Why Young Americans Are Now More Likely to Live With Their Parents

By Published on June 2, 2016

For the first time in over 130 years, more young adults lived with their parents than any other living situation.

According to the analysis by the Pew Research Center, 32.6 percent of adults ages 18 to 34 lived with their parents; 31.6 lived with a spouse or romantic partner; 14 percent lived without other adults (either on their own or as a head of household); and the remaining 22 percent lived in “other living arrangements” such as with a friend or relative.

Living at home is even more common for young men than women: 35 percent of young men live with their parents, compared to 29 percent of young women.

Education and ethnicity also play a role, with lower-educated, black, and Hispanic adults more likely to live at home. When isolated by demographics, certain groups are not more likely to live with their parents.

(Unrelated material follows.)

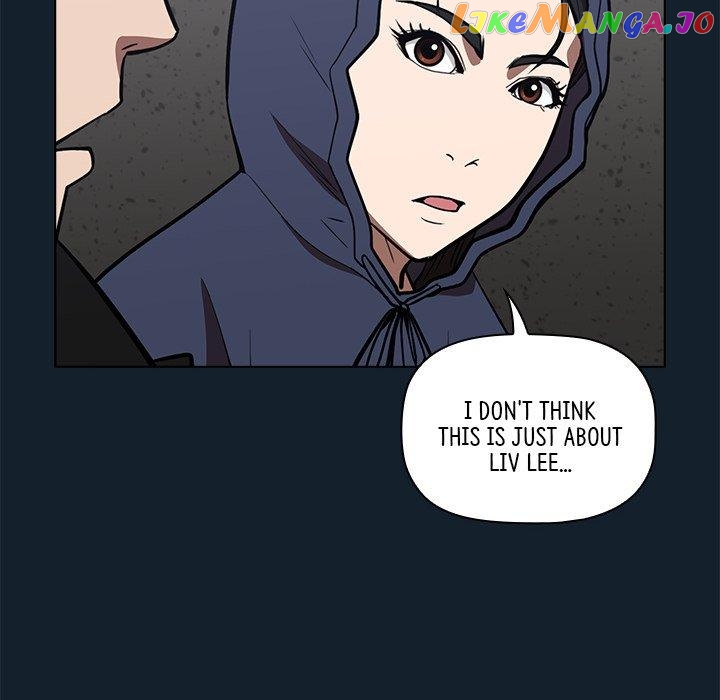 Actor Detective Han Moo-yul Chapter 15 - page 158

Women, whites; Asians/Pacific Islanders; and individuals with a bachelor’s degree or more are more likely to live with a spouse or partner than at home with their parents.

Why are so many young adults living at home?

The Great Recession certainly made it harder for many young adults to buy or rent their own home and thus contributed to the rise in young adults living at home, but the trend started well before the Great Recession.

In 2007, before the recession began, 28 percent of young adults were living at home, compared to only 20 percent in 1960.

Even more pronounced than the rise in young adults living at home is the drop in those married or cohabiting. Since 1960, the percent of young adults married or cohabiting in their own home dropped in half, from 62 percent to 31.6 percent.

As the study suggests, lower earnings growth and higher unemployment among young men could be causing men to postpone moving out — whether living on their own, with a spouse, or friends. Women’s increased labor force participation has likely also contributed to young adults postponing marriage. And the cycle could be contagious — the more young adults who live at home, the more socially acceptable it becomes.

The rise in young adults living at home can be good or bad. For some young adults, living at home for a few months or years improves their financial future, allowing them to save money to buy a home of their own. But for others, the financial ease of living at home can encourage unsustainable spending habits that make it harder to become independent.